Source data:

....

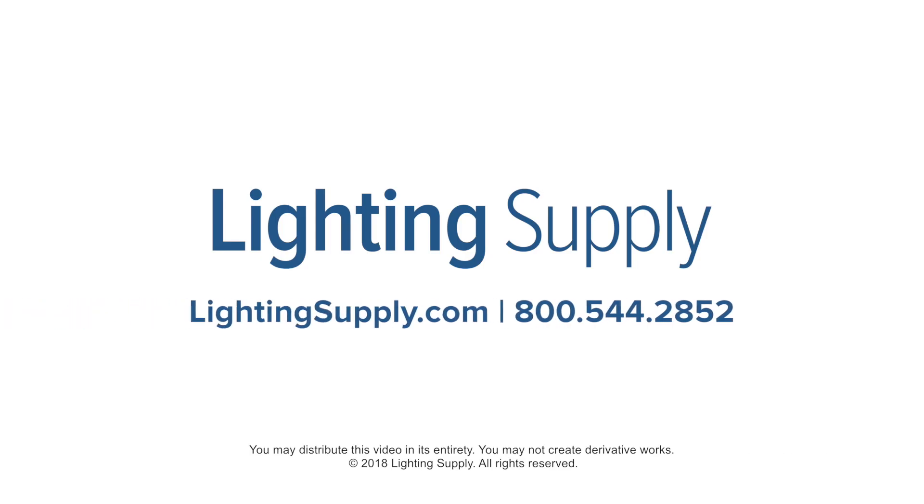Interested in learning how a lighting upgrade can work for you? Call us today at 800-544-2852.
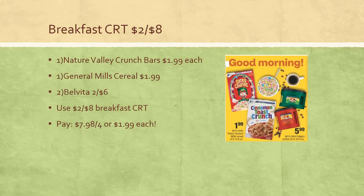If you have a breakfast CRT, here's a deal for you. The CRT I keep getting is $2 off of spending $8 on breakfast items — I believe coffee is included but I'm not 100% sure. You could pick up one Nature Valley Crunch Bar at $1.99, one General Mills Cereal at $1.99, and two Belvita Biscuits on sale two for $6. Using that $2 off $8 breakfast CRT, your final cost is just $1.99 each. Not the best deal, but a great way to use that CRT, and all of these items were available online.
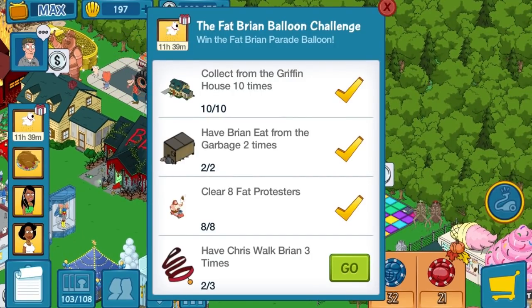We've got another balloon we're working on. It's going to be the Fat Brian Balloon Challenge. One more of the Chris walking Brian.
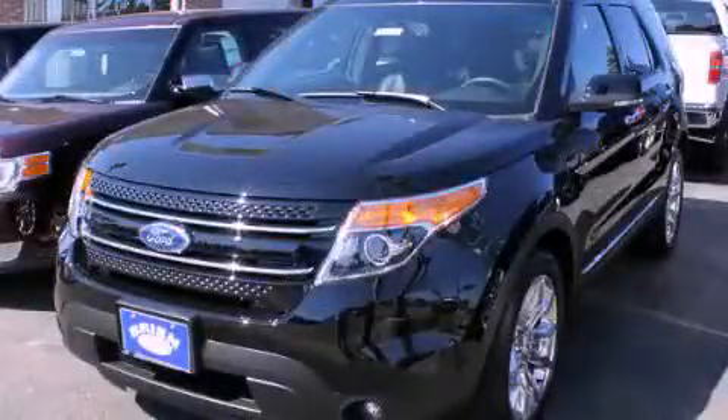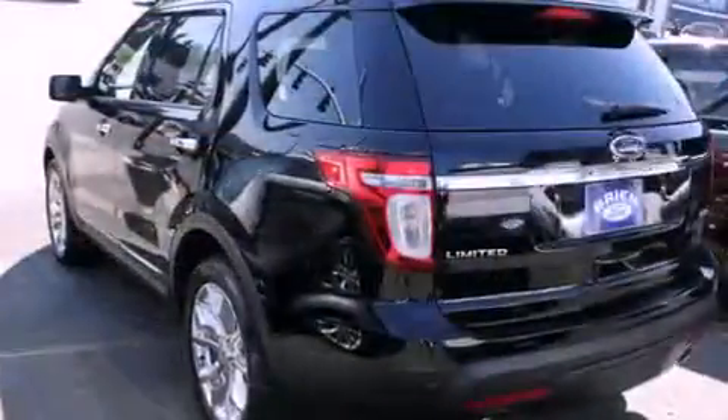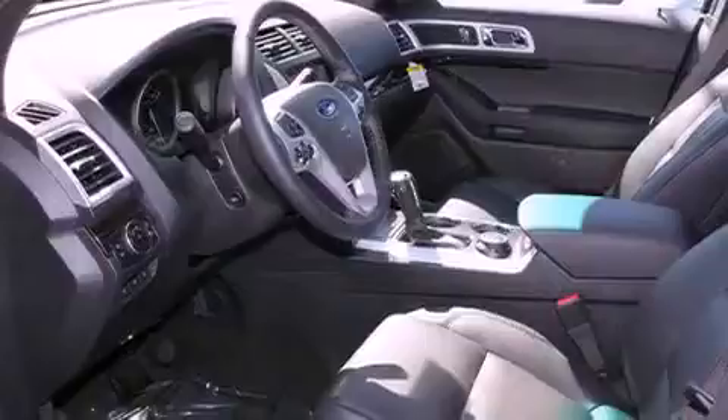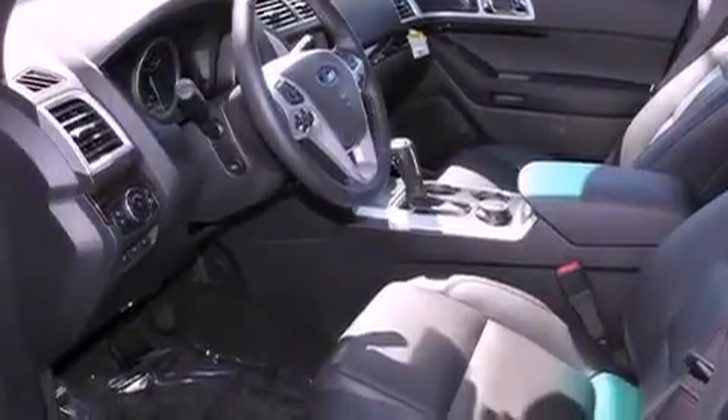This is a brand new 2012 Ford Explorer for when safety, size, and space are of importance. It has a 3.5 liter 6-cylinder engine, an automatic transmission, and 4-wheel drive.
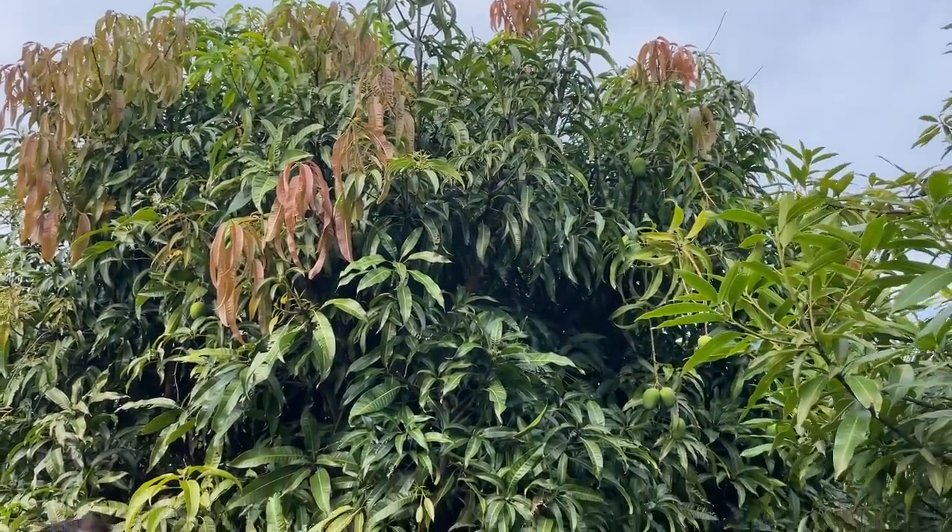A lot of times when people try to grow Alfonso in Florida, they're in an area that's too humid. If you're going to try, you really want to be in a drier coastal zone like we occupy here. Alfonso has a better chance of fruiting there and you should also have a disease control program. The trees need to be pruned well to open up airflow and sunlight, given how disease-prone they are.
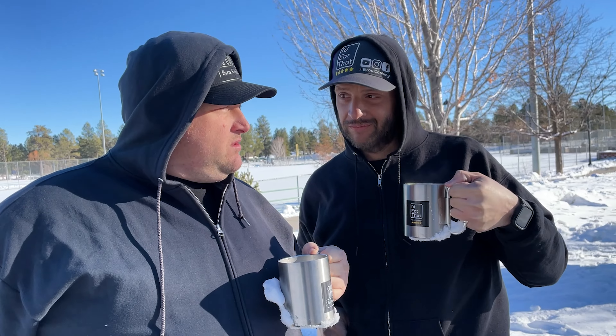Hello everyone, welcome to another coffee break. Today we are trying peppermint bark coffee — a little leftover from Christmas. We threw some peppermint creamer in there also.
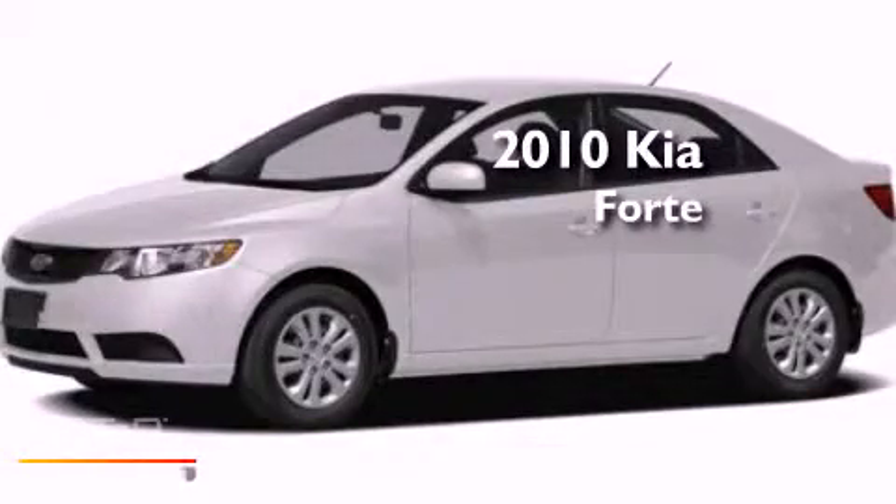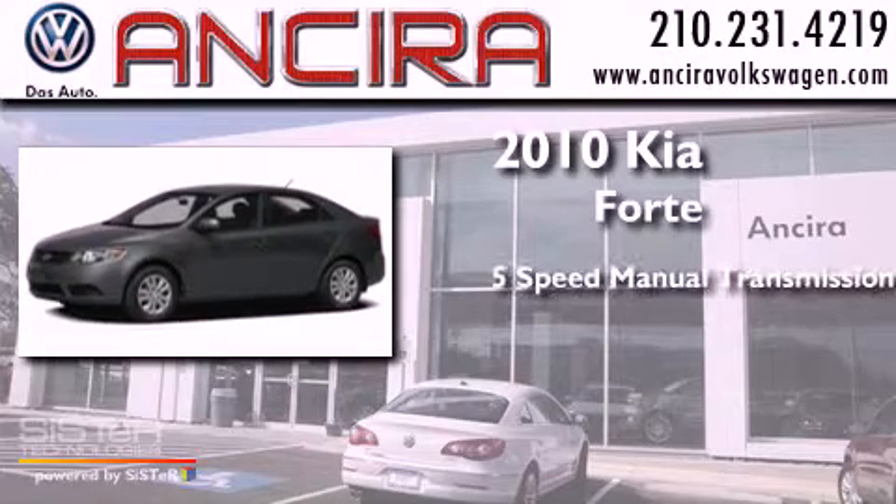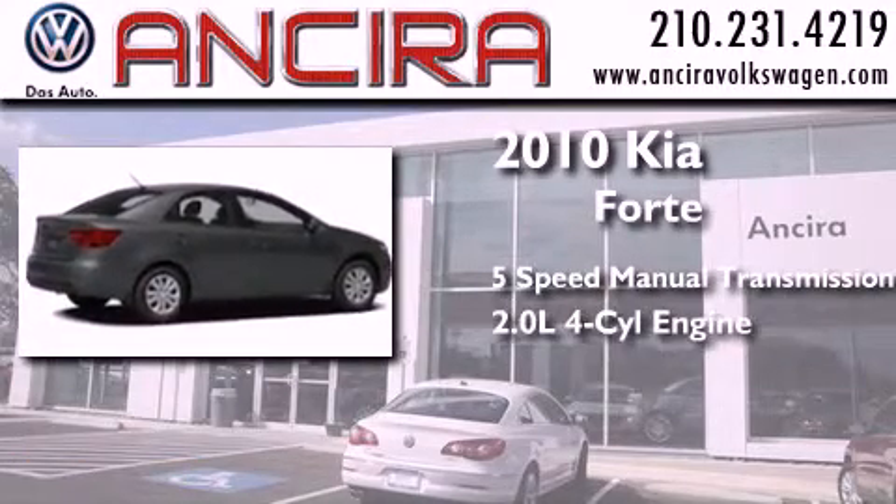This is a 2010 Kia Forte. This four-door sedan has a five-speed manual transmission and an inline four-cylinder engine.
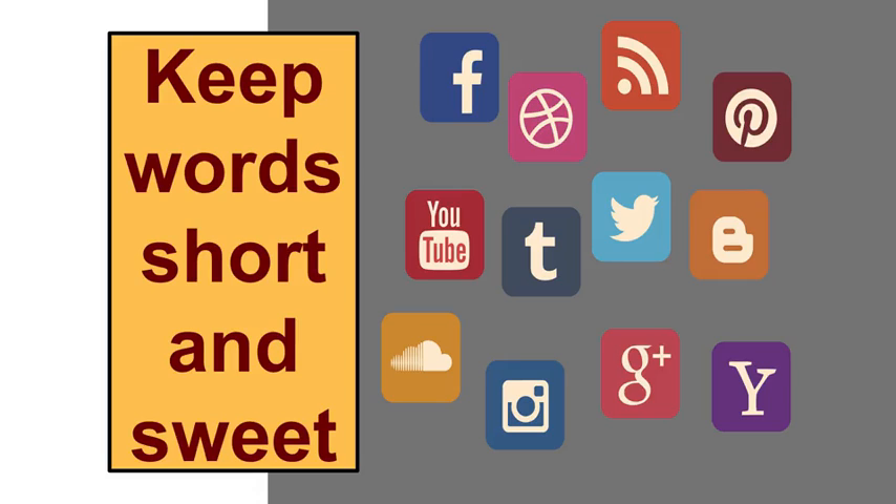With word count in mind, plenty of research shows that Facebook, Pinterest, LinkedIn, Instagram, Tumblr, or any social media site of your choosing receives more interest if the words are short and sweet.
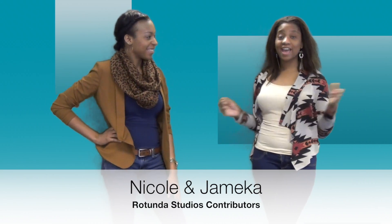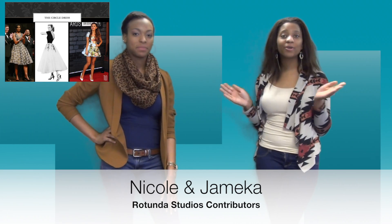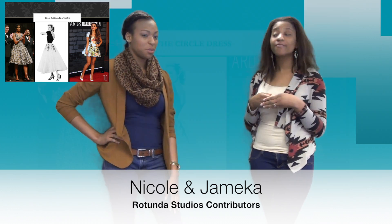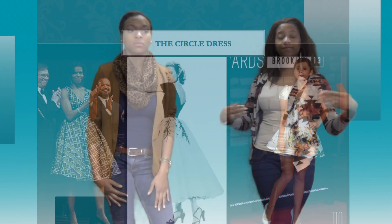Our first trend is the circle skirt. Our icon that we're using is the princess and actress Grace Kelly — I know, love her — from her Rear Window movie by Hitchcock. The style was very iconic during that time. It's a full skirt and it's called a circle skirt.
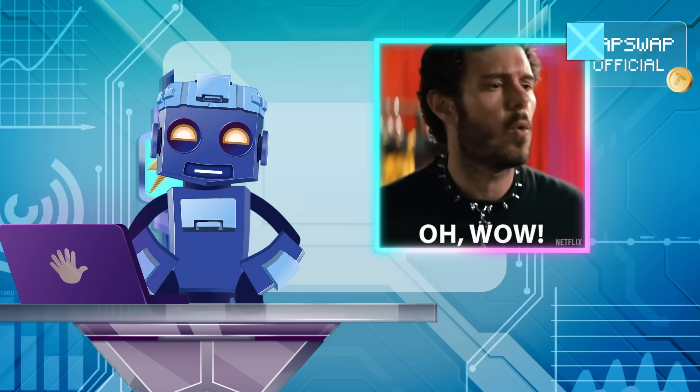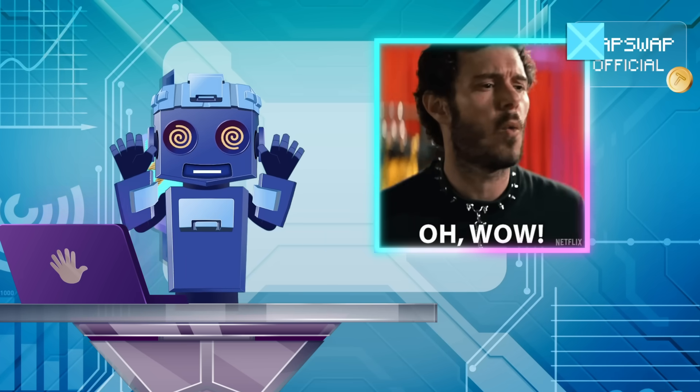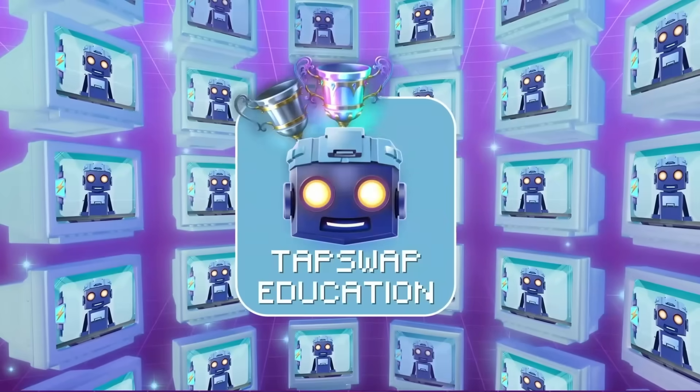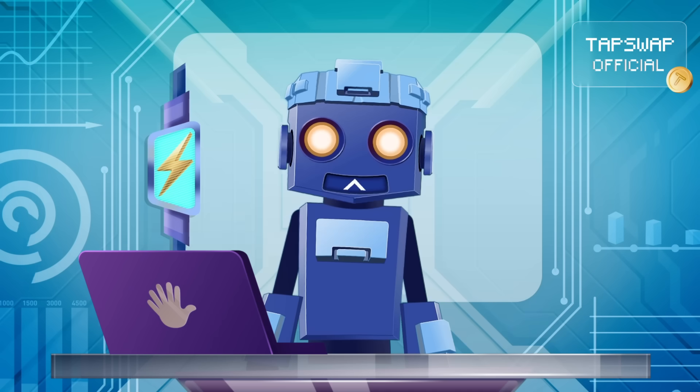Right now, over 30 billion dollars is locked in Ethereum's L2 solutions. Holy motherboard, that's a lot! Let's take a break to recharge before more data is coming.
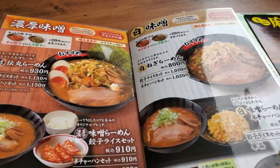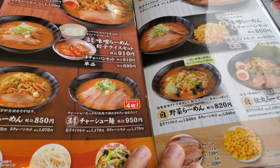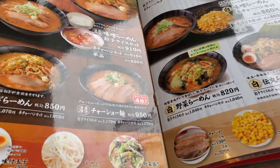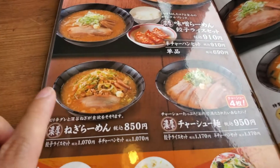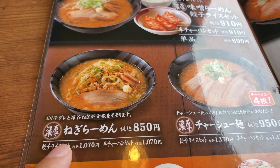And honestly, there are so many delicious things. But definitely the best thing, in my opinion, is the negi ramen. And it's really super simple, really nice, and it's delicious. Alright, so now let's go ahead and get it.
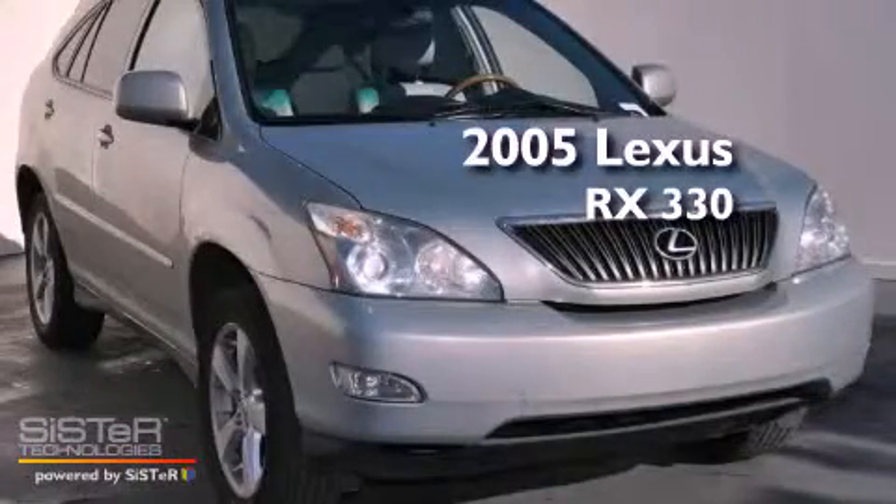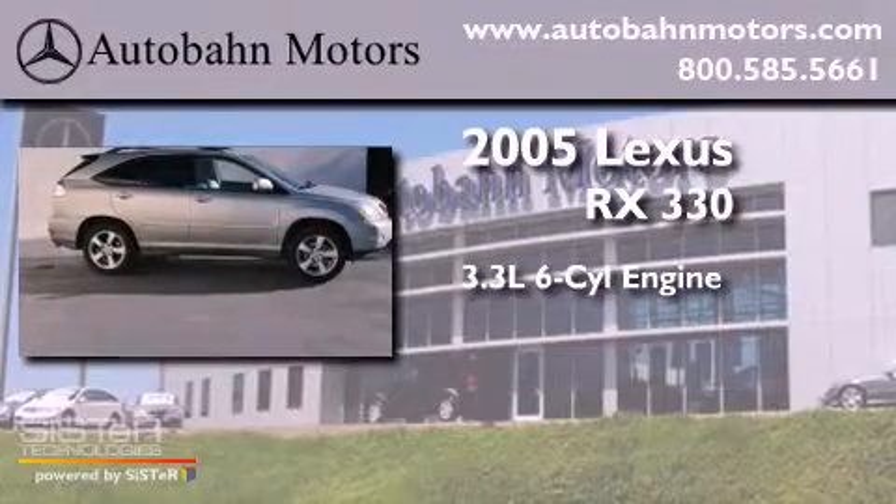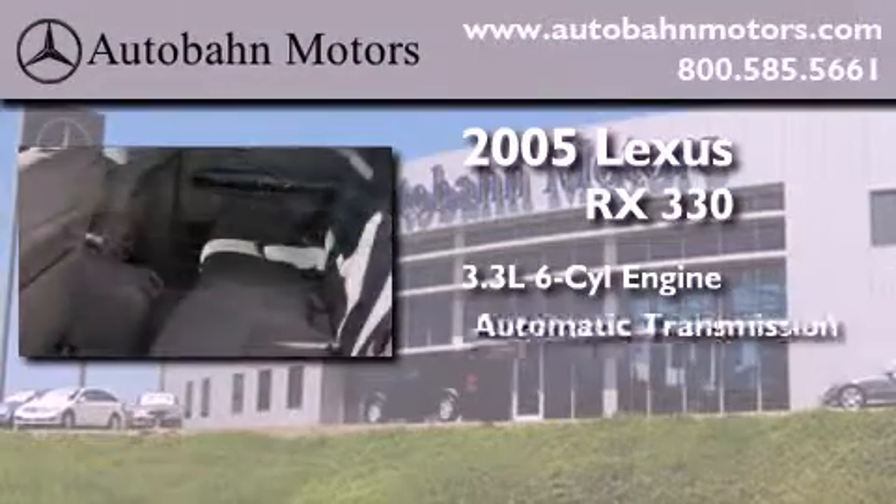This is a 2005 Lexus RX 330. It has a 3.3-liter six-cylinder engine and an automatic transmission.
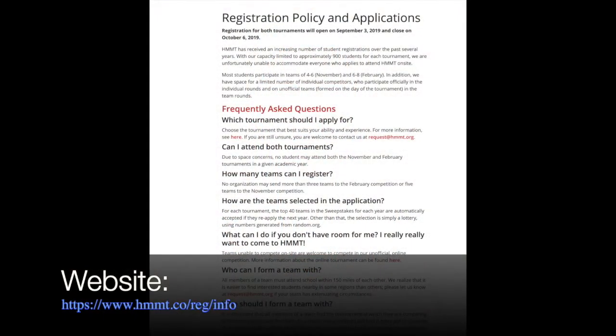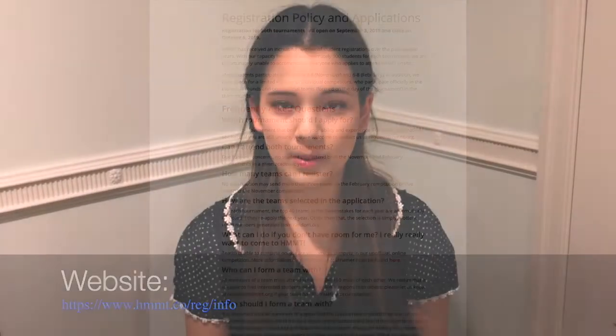In addition, the November team rounds consist of short answer problems, while February's team rounds are more proof-based. If you visit this website here, you can find more information on the differences between the November and the February HMMT.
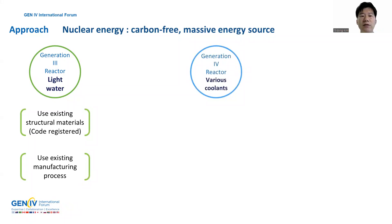Generation 4 reactors, which usually have small and modulated designs, have many benefits, such as low operation time without refueling, low land occupancy, and fast manufacturing and installation. Also, in case of fast reactors that use fast neutrons, spent fuel storage issues can be dramatically reduced compared with Generation 3 reactors.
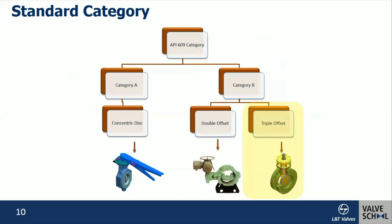Now we move on to the standards. This is generally covered in API 609. There are two categories: Category A and Category B. Category A valves are for cold working temperature and pressure, generally covered from 2 inches to 48 inches in ASME class 125 or 150. Category B valves are applicable for ASME B16.34, class 150 to class 600, full rated pressure and temperature ratings from 3 inches to 48 inches. Under Category A, soft-seated concentric butterfly valves are covered, suitable for low pressure and temperature. Under Category B, double-offset and triple-offset butterfly valves are covered.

....

▶ **WHAT YOU SHOULD DO**: From the first line to the last, repeat the records exactly, leaving out the pictures.

▶ **FINISHED EXERCISE**:
Interested in learning how a lighting upgrade can work for you? Call us today at 800-544-2852.
If you have a breakfast CRT, here's a deal for you. The CRT I keep getting is $2 off of spending $8 on breakfast items — I believe coffee is included but I'm not 100% sure. You could pick up one Nature Valley Crunch Bar at $1.99, one General Mills Cereal at $1.99, and two Belvita Biscuits on sale two for $6. Using that $2 off $8 breakfast CRT, your final cost is just $1.99 each. Not the best deal, but a great way to use that CRT, and all of these items were available online.
We've got another balloon we're working on. It's going to be the Fat Brian Balloon Challenge. One more of the Chris walking Brian.
This is a brand new 2012 Ford Explorer for when safety, size, and space are of importance. It has a 3.5 liter 6-cylinder engine, an automatic transmission, and 4-wheel drive.
A lot of times when people try to grow Alfonso in Florida, they're in an area that's too humid. If you're going to try, you really want to be in a drier coastal zone like we occupy here. Alfonso has a better chance of fruiting there and you should also have a disease control program. The trees need to be pruned well to open up airflow and sunlight, given how disease-prone they are.
Hello everyone, welcome to another coffee break. Today we are trying peppermint bark coffee — a little leftover from Christmas. We threw some peppermint creamer in there also.
This is a 2010 Kia Forte. This four-door sedan has a five-speed manual transmission and an inline four-cylinder engine.
With word count in mind, plenty of research shows that Facebook, Pinterest, LinkedIn, Instagram, Tumblr, or any social media site of your choosing receives more interest if the words are short and sweet.
Our first trend is the circle skirt. Our icon that we're using is the princess and actress Grace Kelly — I know, love her — from her Rear Window movie by Hitchcock. The style was very iconic during that time. It's a full skirt and it's called a circle skirt.
Right now, over 30 billion dollars is locked in Ethereum's L2 solutions. Holy motherboard, that's a lot! Let's take a break to recharge before more data is coming.
And honestly, there are so many delicious things. But definitely the best thing, in my opinion, is the negi ramen. And it's really super simple, really nice, and it's delicious. Alright, so now let's go ahead and get it.
This is a 2005 Lexus RX 330. It has a 3.3-liter six-cylinder engine and an automatic transmission.
In addition, the November team rounds consist of short answer problems, while February's team rounds are more proof-based. If you visit this website here, you can find more information on the differences between the November and the February HMMT.
Generation 4 reactors, which usually have small and modulated designs, have many benefits, such as low operation time without refueling, low land occupancy, and fast manufacturing and installation. Also, in case of fast reactors that use fast neutrons, spent fuel storage issues can be dramatically reduced compared with Generation 3 reactors.
Now we move on to the standards. This is generally covered in API 609. There are two categories: Category A and Category B. Category A valves are for cold working temperature and pressure, generally covered from 2 inches to 48 inches in ASME class 125 or 150. Category B valves are applicable for ASME B16.34, class 150 to class 600, full rated pressure and temperature ratings from 3 inches to 48 inches. Under Category A, soft-seated concentric butterfly valves are covered, suitable for low pressure and temperature. Under Category B, double-offset and triple-offset butterfly valves are covered.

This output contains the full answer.